Exploring AWS essentials for ML

Amazon Web Services (AWS) offers cloud computing resources to developers of all kinds to create applications and solutions for their businesses. AWS manages the technology and infrastructure in a secure environment and a scalable fashion, taking away the undifferentiated heavy lifting of infrastructure management from developers. AWS provides a broad range of services, including ML, artificial intelligence, the internet of things, analytics, and application development tools. These are built on top of the following key areas – compute, storage, databases, and security. Before we start our journey with Amazon SageMaker Studio, which is one of the ML offerings from AWS, it is important to know the core services that are commonly used while developing your ML projects on Amazon SageMaker Studio.

Compute

For ML in the cloud, developers need computational resources in all aspects of the life cycle. Amazon Elastic Compute Cloud (Amazon EC2) is the most fundamental cloud computing environment for developers to process, train, and host ML models. Amazon EC2 provides a wide range of compute instance types for many purposes, such as compute-optimized instances for compute-intensive work, memory-optimized instances for applications that have a large memory footprint, and Graphics Processing Unit (GPU)-accelerated instances for deep learning training.
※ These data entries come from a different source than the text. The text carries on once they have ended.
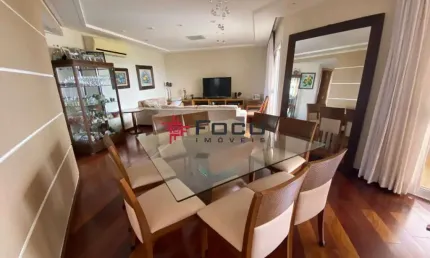 Apartamento - Edifício Villa Sorrento - Jardim Esplanada - 04 dormitórios - 187 m2.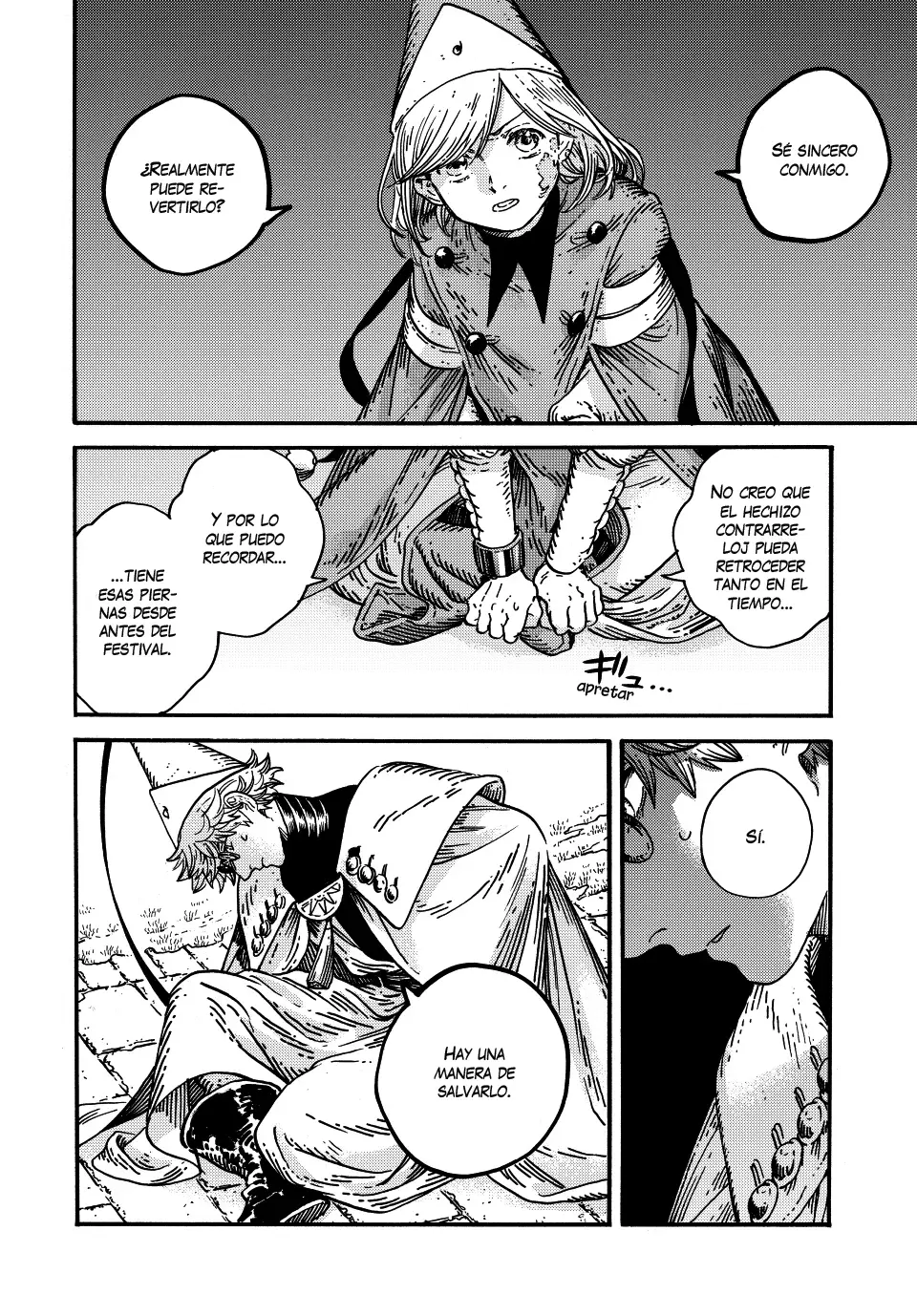 Read Witch Hat Atelier (ES) Manga Online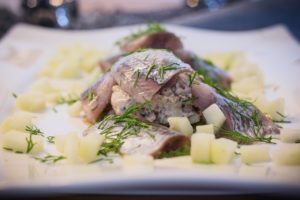 GO Dutch Travel Food Haring GO Dutch Travel Food Haring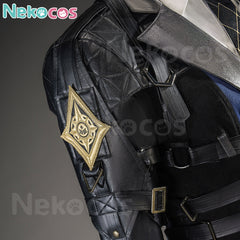 Zenless Zone Zero Cosplay Costume - Premium EditionCostume,Game,Zenless Zone Zero
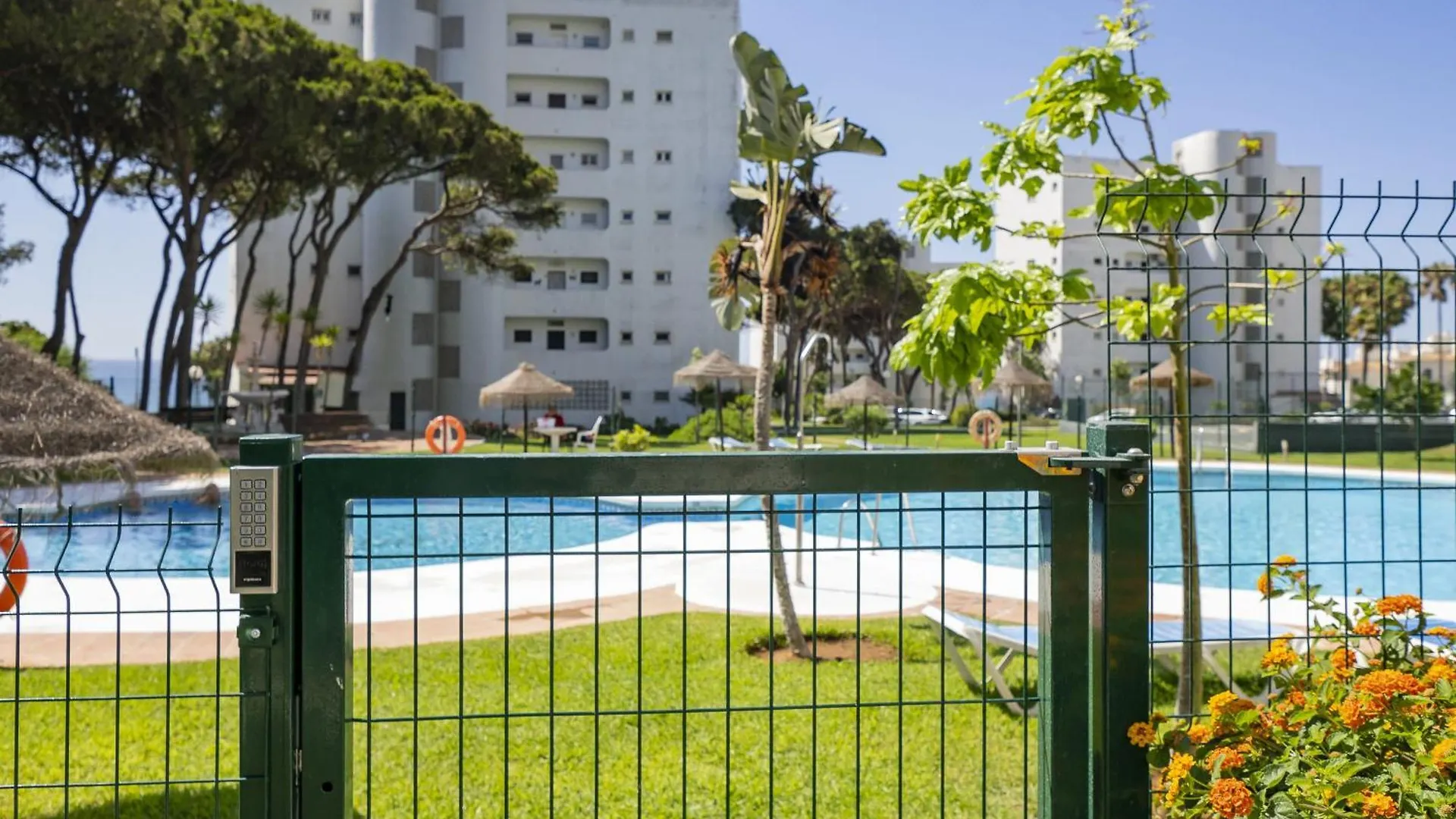 Apartman Cubo'S Estudio Algaida Calahonda Beach Sitio de Calahonda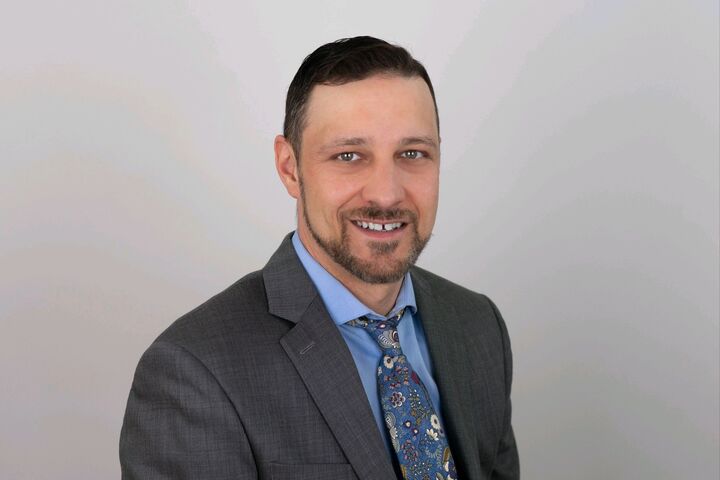 George Barrett, Associate Real Estate Broker in Richmond, First Realty Group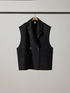 DOUBLE FACE VEST JK /Y253-41089
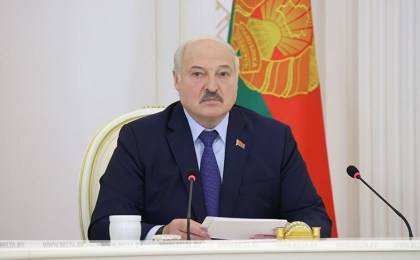 Александр Лукашенко: отечественные разработки ВПК способны удивить и отрезвить противников Беларуси и СГ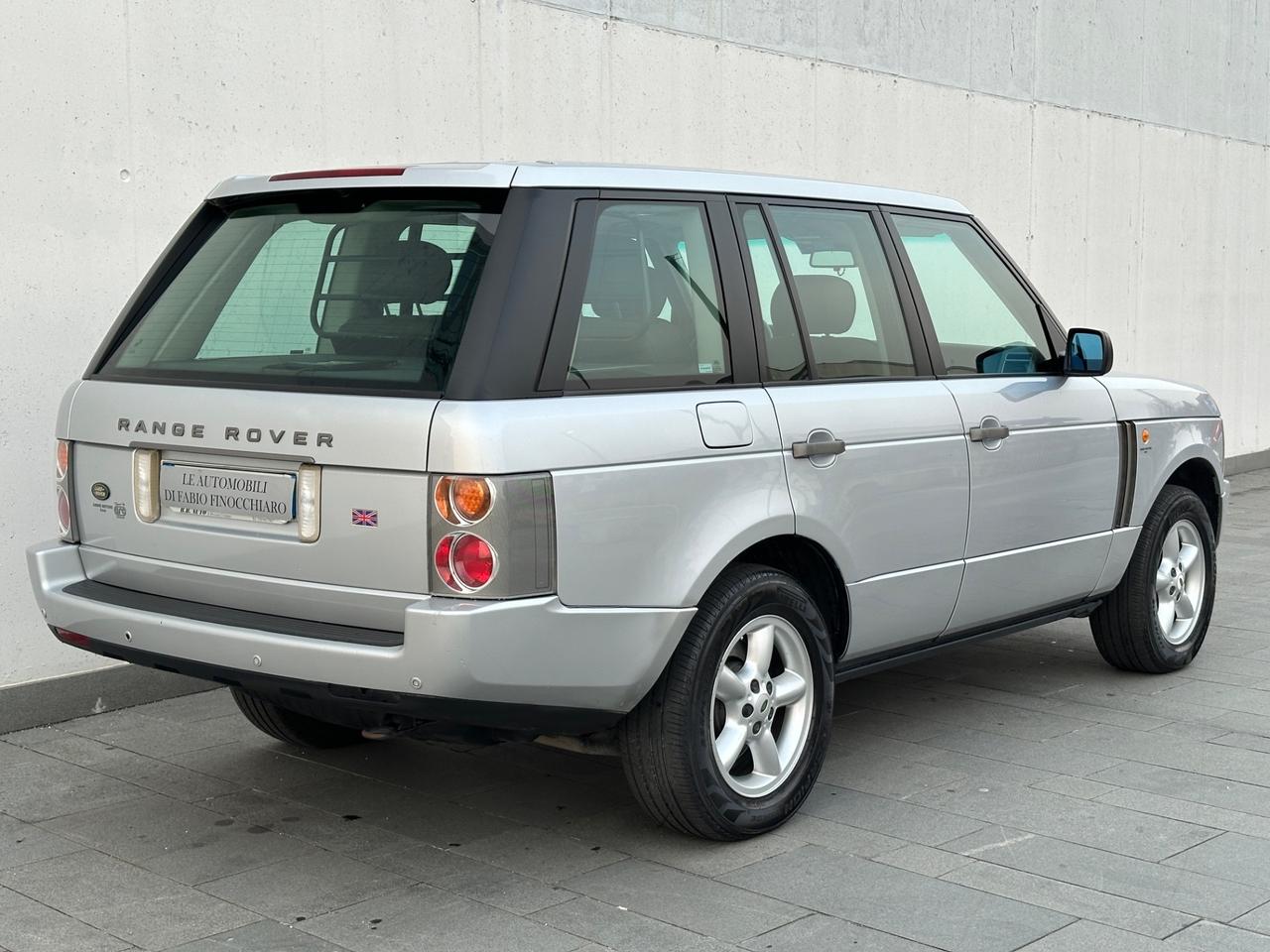Land Rover Range 3.0 Td6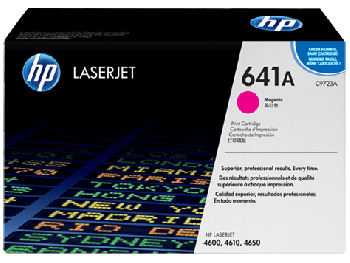 HP C9723A Magenta Print Cartridge (8,000 pages*)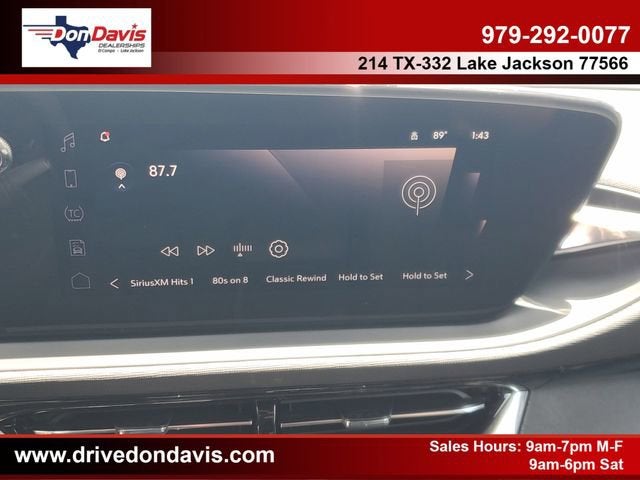 2026 Buick Envista Sport Touring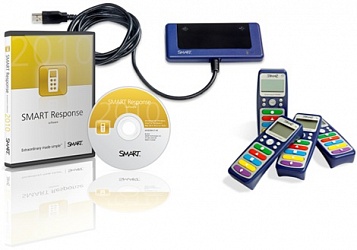 SMART Response LE (32 пульта) SMART Response LE (32 пульта)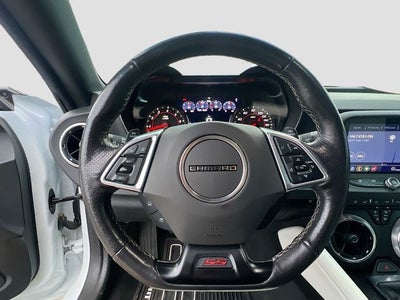 2022 Chevrolet Camaro SS 2SS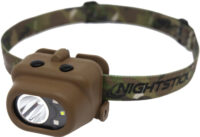 NIGHTSTICK MULTI-FUNCTION – HEADLAMP 210 LUMEN FDE/CAMO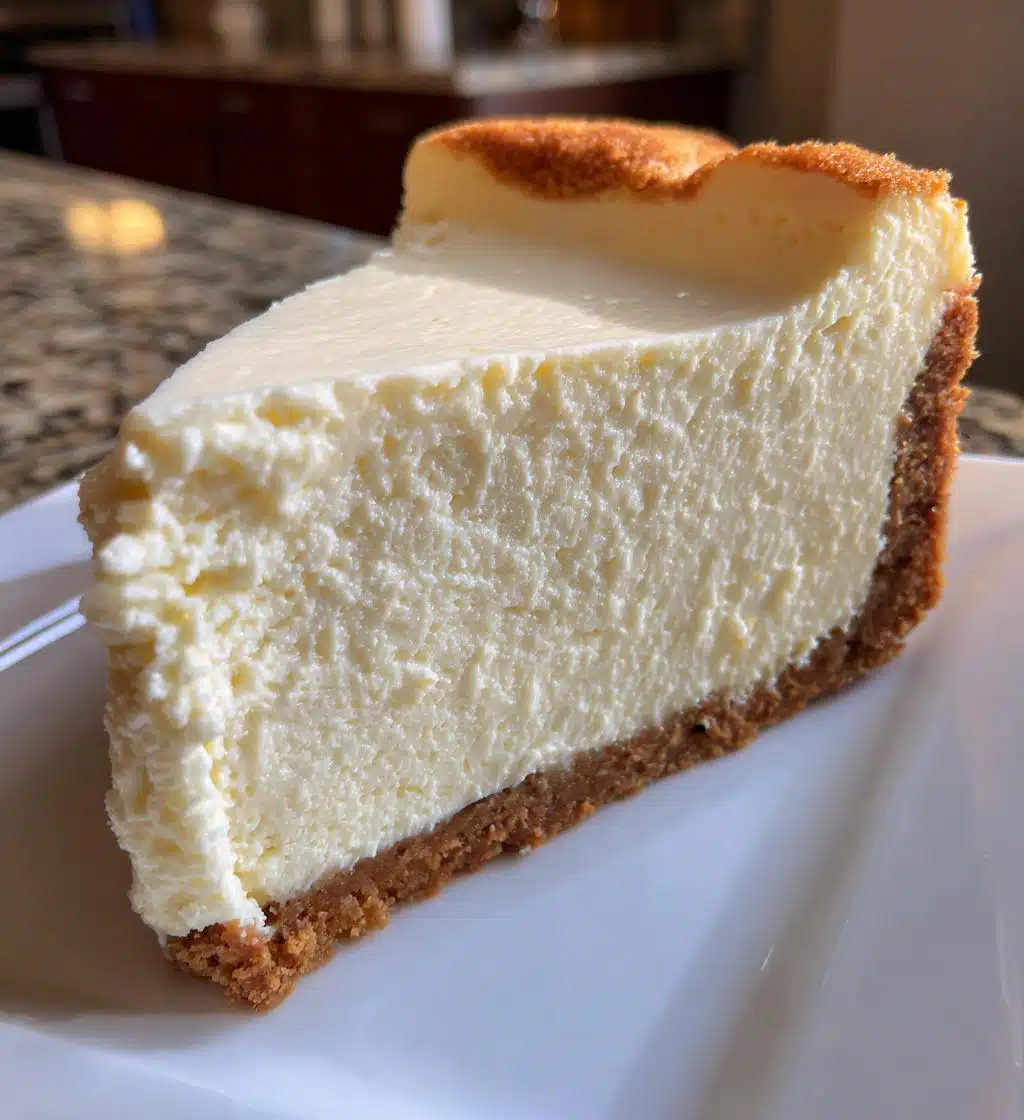 eggless cheesecake - detail 1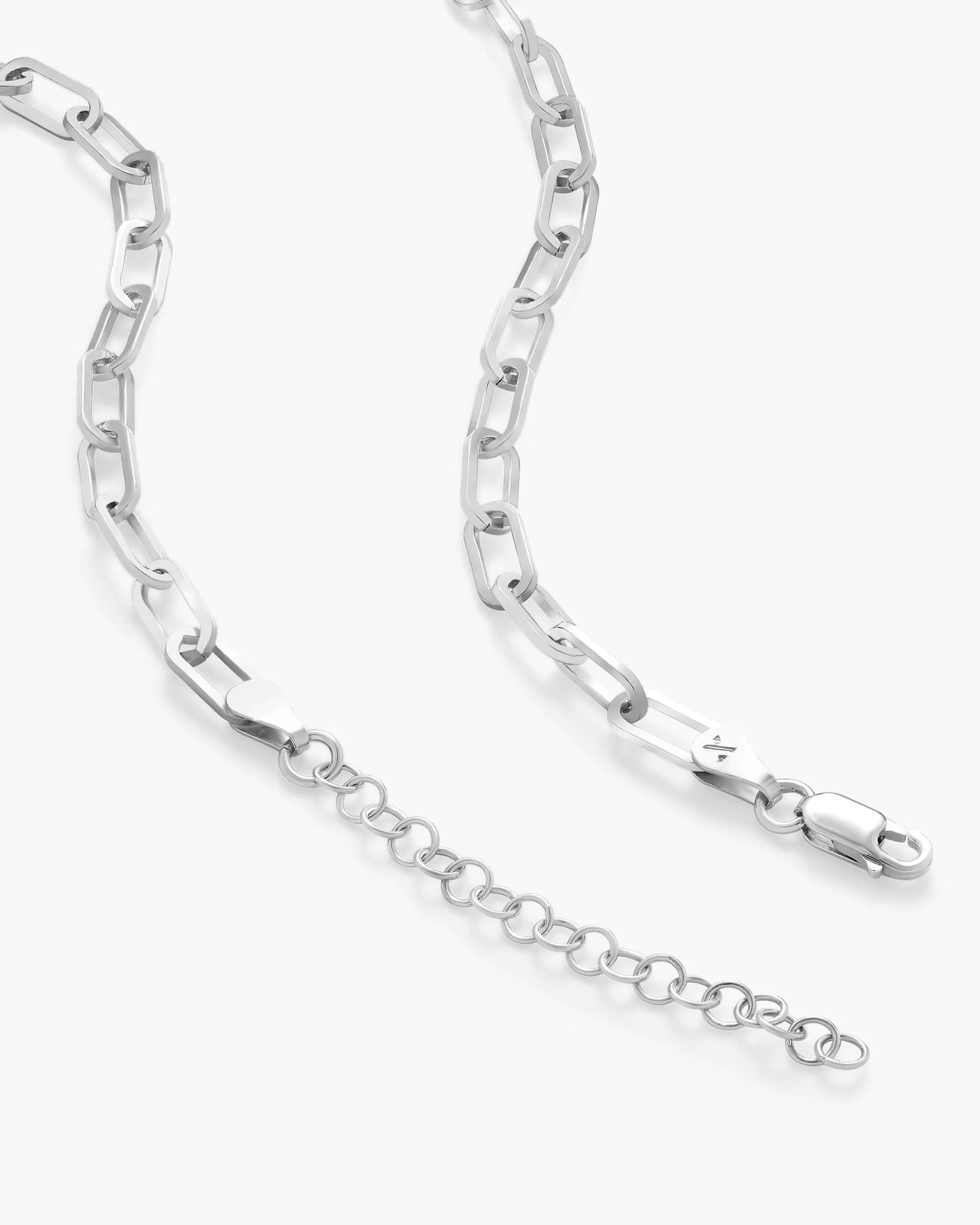 Women's Paperclip Chain - 5mm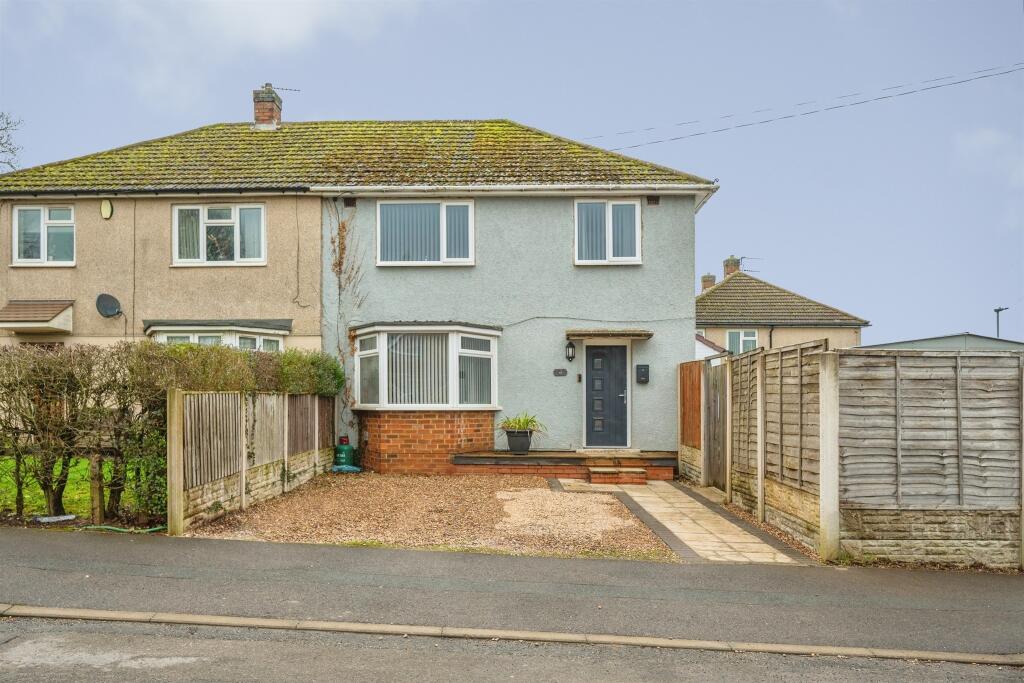 Main image of property: Moorgate, Mackworth, Derby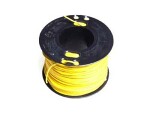 cable 0,75 yellow 100M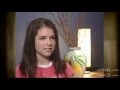 Capture de la vidéo Anna Kendrick Interview 2003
Amazon SageMaker also offers on-demand compute resources for ML developers to run processing, training, and model hosting. Amazon SageMaker's ML instances build on top of Amazon EC2 instances and equip the instances with a fully managed, optimized versions of popular ML frameworks such as TensorFlow, PyTorch, MXNet, and scikit-learn, which are optimized for Amazon EC2 compute instances. Developers do not need to manage the provisioning and patching of the ML instances, so they can focus on the ML life cycle.

Storage

While conducting an ML project, developers need to be able to access files, store codes, and store artifacts. Reliable storage is crucial to an ML project. AWS provides several types of storage options for ML development. Amazon Simple Storage Service (Amazon S3) and Amazon Elastic File System (Amazon EFS) are the two that are most relevant to the development of ML projects in Amazon SageMaker Studio.

Amazon S3 is an object storage service that allows developers to store any amount of data with high security, availability, and scalability. ML developers can store structured and unstructured data, and ML models with versioning on Amazon S3. Amazon S3 can also be used to build a data lake for analytics and to store backups and archives.

Amazon EFS provides a fully managed, serverless filesystem that allows developers to store and share files across users on the filesystem without any storage provisioning, as the filesystem increases and decreases its capacity automatically when you add or delete files. It is often used in a High-Performance Cluster (HPC) setting and applications where parallel or simultaneous data access across threads, processing tasks, compute instances, and users with high throughput are required. As Amazon SageMaker Studio embeds an Amazon EFS filesystem, each user on Amazon SageMaker Studio gets a home directory for storing and accessing data, codes, and notebooks.

Database and analytics

Besides storage options, where data is saved as a file or an object, AWS users can store and access data at a data point level using database services such as Amazon Relational Database Service (Amazon RDS) and Amazon DynamoDB. AWS Analytics services such as AWS Glue and Amazon Athena provide capabilities in storing, querying, and data processing that are critical in the early phase of the ML life cycle.

For an ML project, relational databases are a common source of data for modeling. Amazon RDS is a cost-efficient and scalable relational database service in the cloud. It offers six database engines, including open sourced PostgreSQL, MySQL, and MariaDB, and the Oracle and SQL Server commercial databases. Infrastructure provisioning and management are made easy with Amazon RDS.

Another popular database is NoSQL, which uses key-value pairs as the data structure. Unlike relational databases, stringent schema requirements for tables are not required in NoSQL databases. Users can input data with a flexible schema for each row without needing to change the schema. Amazon DynamoDB is a key-value and document database that is fully managed, serverless, and highly scalable.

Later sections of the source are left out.